## What is expected
Write the listing out again exactly as it stands, with no images.

## Material provided
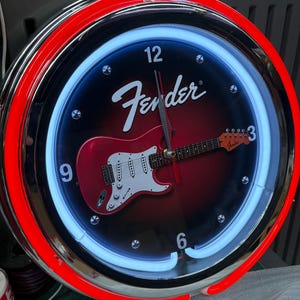 May include: A circular wall clock with a red and chrome surround. The black clock face features a red electric guitar graphic and the Fender logo. A blue neon light encircles the face.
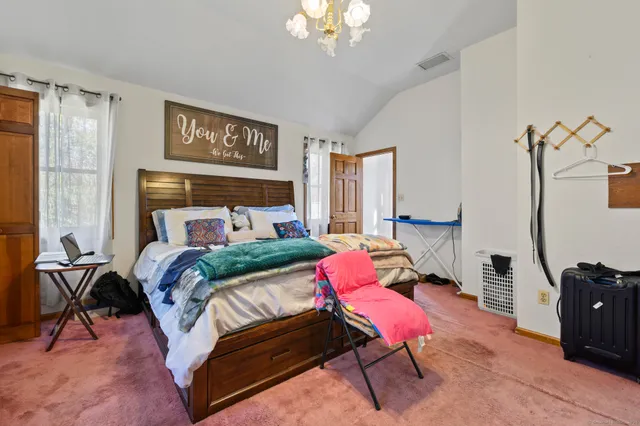 a bedroom with a bed a chair and potted plant on the dresser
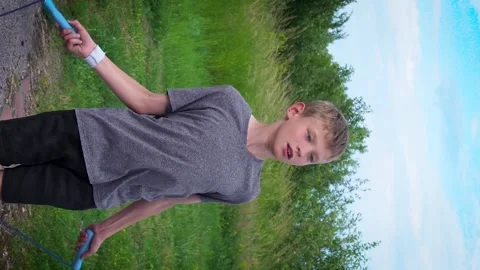 A boy is jumping on a blue rope Video stock 277408843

## Response
 May include: A circular wall clock with a red and chrome surround. The black clock face features a red electric guitar graphic and the Fender logo. A blue neon light encircles the face.
 a bedroom with a bed a chair and potted plant on the dresser
 A boy is jumping on a blue rope Video stock 277408843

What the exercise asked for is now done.